1. How do I charge for the Webcast and archive? A percentage of my speaking fee or a per-hit fee? How much in either case?

Charge a percentage of your fee, plus per registrant -- Rebecca Morgan

I would do $X (a percentage of your fee) *plus* so much per registrant (specify registrant, not attendee, as some folks won't show up). Do you ever charge by head now? How much prep will you have to do, plus delivery? Will you have to create or modify PowerPoint slides? Factor that in.

BTW, I think Webinars are way overrated, as you can accomplish the same thing in a teleseminar with much less hassle. You email participants the PDF and slides ahead of time, or they download them in advance. The company could still record you and sync your voice and the slides for future viewers.

Charge by user -- Scott Ulberg

Charge based on the number of users with access to the course. One of the opportunities a Webcast provides is re-usable training. The information you are creating for your client can be made into additional on-demand products that you can market to other clients. (Note: Scott has a list of 35 questions to ask when considering your fee: scott@UlbergGroup.com.)

Charge a per-person fee -- Rita Risser

Licensing in general is charged at a per-person fee. Figure your daily rate, plus materials, divided by the number of people you usually have in a live class, to figure a per-person rate.

Charge by hits -- Brad Snyder

If you want to charge a per-hit fee, figure the likely number of hits, and what your content will add to the value or work output of each person likely viewing your session. Let's say your technique will save the worker 120 hours per year. What is the average value of that savings? Then charge a percentage of that savings per view or "hit". The customer sees great value and you get passive income.

License the whole package -- Mitch Axelrod

License your materials to the company -- that eliminates the fear of spreading for free. Consider bundling it all together as a total package and licensing the use of the materials for the time of the relationship (one year, two years). Add something for your "development and production" of the product (or customization), charge for the total number of people you think will use it, add something for your time, add a "use fee" and bundle it all together and charge them for the whole year.
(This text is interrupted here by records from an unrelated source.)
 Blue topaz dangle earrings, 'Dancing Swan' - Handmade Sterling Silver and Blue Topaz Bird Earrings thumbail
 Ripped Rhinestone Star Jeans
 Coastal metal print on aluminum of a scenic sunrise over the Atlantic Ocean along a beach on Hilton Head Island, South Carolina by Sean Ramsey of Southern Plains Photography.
Then you don't have to worry who sees it or copies it.

Keep the copyright to the program. They just paid for your product development (if it's generic and not propriety to the company). This is worth a lot to you all around, and possibly you can leverage that into other venues. I've done this -- it turns out to be a win for both parties. You might even get them to refer or endorse you to other potential clients. I did. Never know unless you ask.
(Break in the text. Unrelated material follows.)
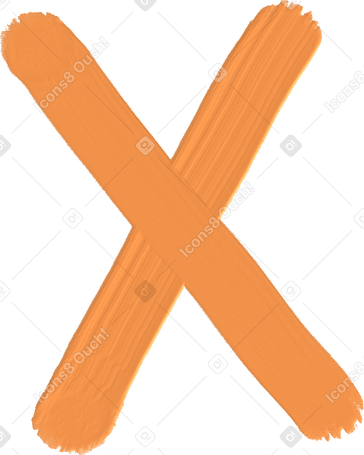 orange letter x PNG, SVG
Charge by value -- Brad Snyder

I think you have to consider the value of your content as you deliver it, but with the value of your time removed. In other words, how much will my client likely save by using my techniques over the next year, or how much will my clients products increase in value over the next year if they use my ideas. Then subtract out your costs of being "live" for a given number of sessions. While it's obvious that you will not have the travel expenses, remember even if you are doing a live seminar in town, you still have a certain amount of travel time and preparation time for each live event. For instance, say I charge $100 for a live event, if the event is local, I would discount that event by some amount, say to $85 because less of my time is occupied in travel.

2. Do I charge the same for the PDFs as for the hard-copy books?

Charge the same for the PDF -- Rita Makana Risser

You should definitely charge as much for a PDF as for books. You are selling your intellectual capital, not a product. Don't worry about copying. You should be so lucky that everyone wants to copy your stuff! Just put your copyright and Web address on the bottom of each page, so you increase the likelihood people who do see copies can contact you.

Discount after a certain number -- Rebecca Morgan

Yes, although you may want to offer one price for the first X copies, then a discount for the next X.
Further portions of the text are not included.